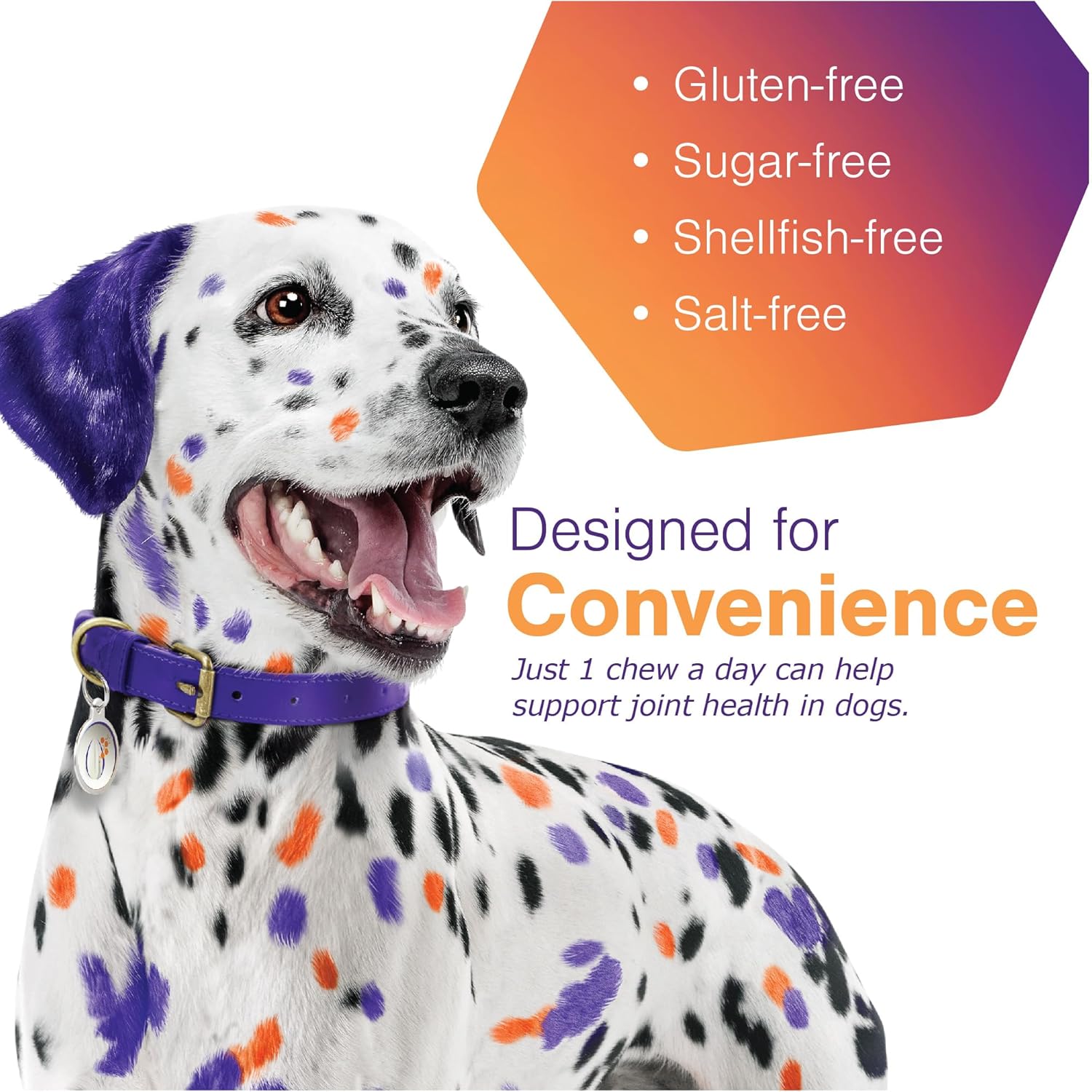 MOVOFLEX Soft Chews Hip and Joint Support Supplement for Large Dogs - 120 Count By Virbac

--------------------------------

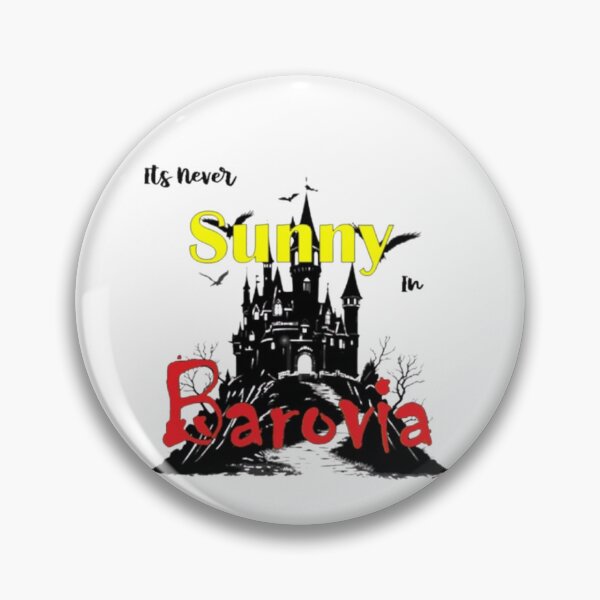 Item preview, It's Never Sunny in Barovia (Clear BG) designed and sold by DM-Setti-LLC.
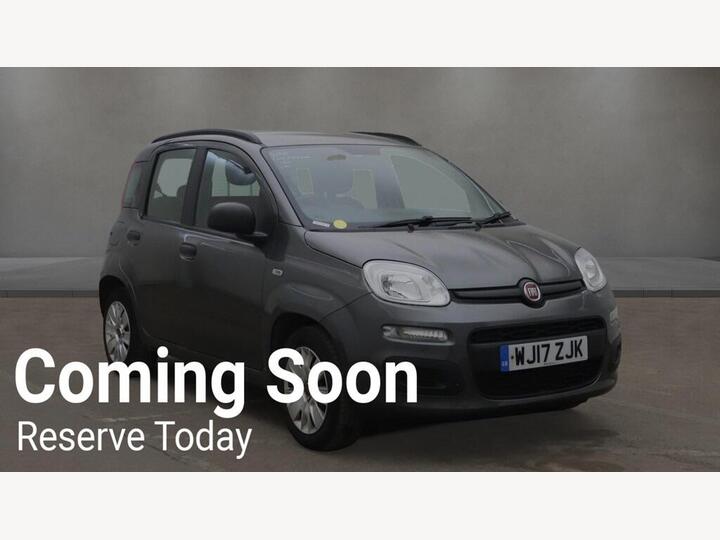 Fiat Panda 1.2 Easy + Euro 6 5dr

--------------------------------

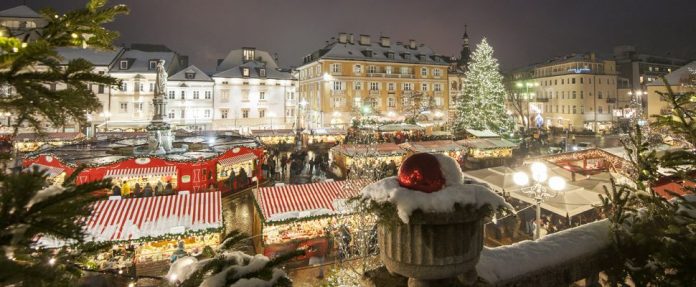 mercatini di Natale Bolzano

--------------------------------

§ **Goal of the exercise**
Only the lines between the one with "Item preview, It's" and the one with "Fiat Panda 1.2 Easy + Euro 6 5dr", those two included, get copied from the material above. Keep it exact and free of pictures.

§ **Solution to the problem**
 Item preview, It's Never Sunny in Barovia (Clear BG) designed and sold by DM-Setti-LLC.
 Fiat Panda 1.2 Easy + Euro 6 5dr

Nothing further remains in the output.